Introduction
Freedesktop SDK is a free, community-developed, and open-source project that simplifies the process of creating various software artefacts. Common use cases include building containers, Flatpak runtimes, snaps, and complete operating systems.
In this article, we explore a more lightweight approach to assessing reproducibility that prioritises speed, whilst providing meaningful validation to the engineer at the artefact level. Additionally, we provide metrics to help quantify the performance gap and discuss the tradeoffs between the two approaches. Note that this article focuses on Freedesktop SDK as an example repository to analyse the reproducibility workflow inside it and explores an alternative workflow strategy that aligns more closely with how upstream Linux distributions handle reproducibility.
Summarising reproducibility
Reproducibility in the context of Software Engineering can refer to different definitions depending on the environment and requirements. In this article, we consider bit-for-bit reproducibility, i.e., the ability to generate an identical binary given the same source code input and build environment.
The concept of reproducibility as a principle applies broadly to scientific and engineering disciplines, where the results from an experiment should be achievable with a high degree of reliability when the study is replicated. The Wikipedia article on reproducible builds provides a broad overview of the concept and its historical context within Software Engineering. It defines reproducible builds as:
"Reproducible builds, also known as deterministic compilation, is a process of building software which ensures the resulting binary code can be reproduced. Source code compiled deterministically will always output the same binary."
In theory, this sounds both useful and doable. In reality, achieving reproducibility is harder than it sounds. Build processes can be influenced by a range of factors, such as timestamps, environment variables, filesystem ordering, and differences within the toolchain behaviour. Unless you control these factors, you risk introducing stochastic variations in the final artefact, which decreases the confidence in the system as a whole.
The reproducible-builds project is one well-known community effort focused on improving reproducible builds. They have regular talks and events that take place each year. In addition, they publish monthly reports.
The official definition on their website is:
“Reproducible builds are a set of software development practices that create an independently-verifiable path from source to binary code.”
In short, reproducibility is widely regarded as an important topic within Software Engineering, particularly in environments that prioritise trustworthiness and long-term maintainability.
BuildStream plays a crucial role in reducing this problem because it enables you to declare software stacks in a declarative format and control the build environment, which helps reduce sources of non-determinism and makes reproducibility achievable in practice.
At Codethink, reproducibility is one of the key concepts integrated into our Eclipse Trustable Software Framework.

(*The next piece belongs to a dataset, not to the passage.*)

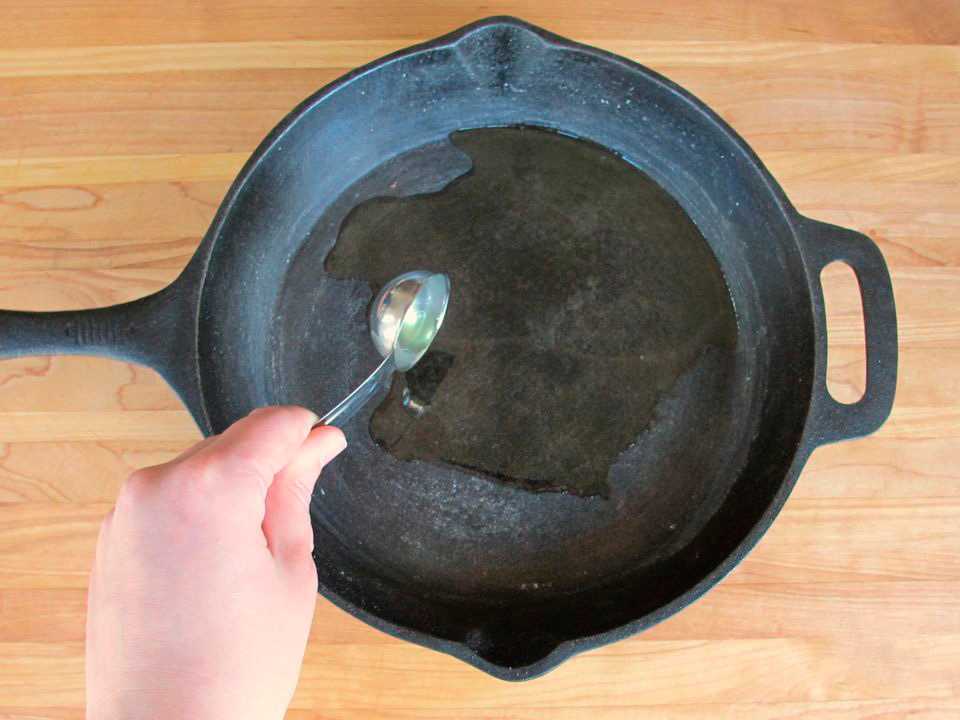 Как подготовить чугунную сковороду перед первым применением: как её прокаливать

The current solution inside of freedesktop-sdk
The freedesktop-sdk repository (at this moment in time) uses the buildstream-reprotest library to establish the reproducibility of the BuildStream elements that reside inside it.
The buildstream-reprotest is a Python script that essentially uses the subprocess module in Python to invoke BuildStream and orchestrate a method for assessing the reproducibility status of a given BuildStream element. The script evaluates the entire dependency graph and essentially asks the question: Is the entire dependency graph reproducible at every level?

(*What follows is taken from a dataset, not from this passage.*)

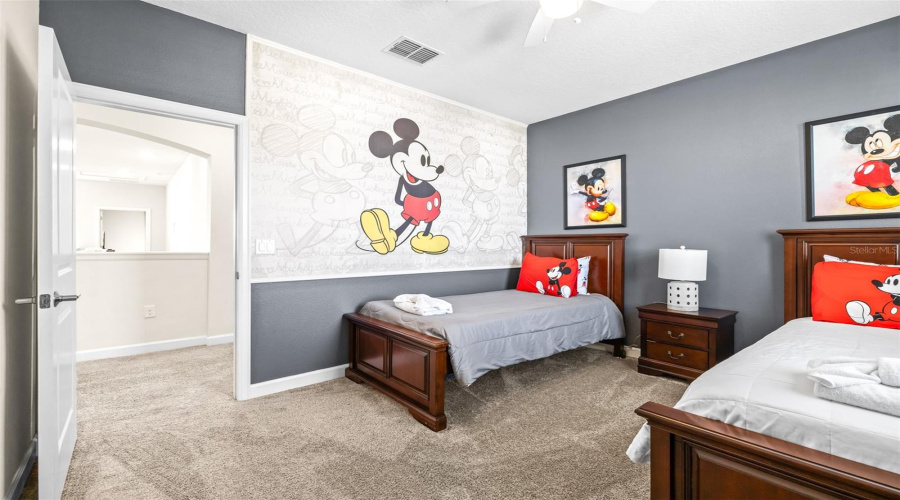 Davenport, Florida 33896, 5 Bedrooms Bedrooms, ,5 Bathroomsbathrooms,Residential,For Sale,Drop Shot,Mfrtb8337392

The script runs the following phases:
- Phase 1: Build the target element and pull the remote cache where possible, and fall back to manually compiling if necessary.
- Phase 2: Iterate through the dependency graph in reverse order, disable the remote cache and build each element manually from scratch.

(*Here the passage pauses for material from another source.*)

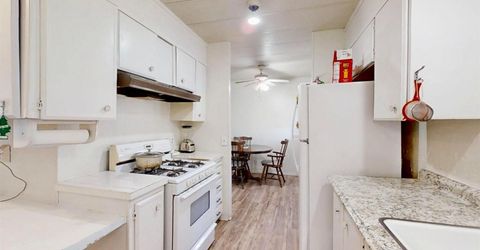 12 Commodore Ct, Sacramento, CA 95838 Photo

- Phase 3: Use the output from Phases 1 and 2 and execute diffoscope to identify any differences in the output.
Applying this methodology, by definition, assesses the reproducibility of the build process. Our argument is that, although there is nothing incorrect about this approach, it is time-consuming due to its very nature.
This approach introduces the following key challenges:
- High computational cost: rebuilding all dependencies from scratch.
- Time inefficiency: running comparisons at every layer of the graph.
- Limited iteration speed: not ideal for rapid development feedback loops.
This raises an important question for us all:
Do we always need full dependency graph validation to get useful reproducibility signals?
A target level approach
To address this, we developed a Bash script that focused on target-level reproducibility rather than full graph validation. The reason for choosing Bash was primarily that it requires minimal boilerplate, is highly interactive, and has low resource usage.
Instead of asking:
Is the entire dependency graph reproducible?
We are now asking:
If we rebuild this element in isolation, do we get the same artefact?
The distinction between the two questions enables a faster feedback cycle, while also addressing many real-world reproducibility issues.
Workflow overview
The buildstream-reprotest-script executes the following phases:
-
Phase 1:
- Build the target element with all dependencies, using remote cache where possible.
- Fetch sources to ensure we can build without the cache/internet.
- Check out the resulting artefact into a temporary directory.
- Remove the target element from the local cache whilst keeping the dependencies.
-
Phase 2:
- Disable cache via a temporary configuration file.
- Rebuild the target element without rebuilding its dependencies.
- Check out the new artefact.
-
Phase 3:
- Run diffoscope between the two outputs.
- Generate a detailed HTML report.
- Return the comparison exit status.
The key design decision here is to reuse the previously built dependencies from Phase One into Phase Two. The benefit of reusing previously built dependencies means that we significantly reduce the time taken to assess the reproducibility of a project because we’re not devoting time to rebuilding each dependency from scratch. The time reduction is particularly useful when processing large dependency graphs, e.g., those within the freedesktop-sdk environment.
We should note that this workflow aligns closely with how upstream Linux distributions approach reproducibility workflows.
The pros and cons of buildstream-reprotest-script
Pros:
- Ability to assess the reproducibility of a BuildStream element.
- Faster than the buildstream-reprotest equivalent.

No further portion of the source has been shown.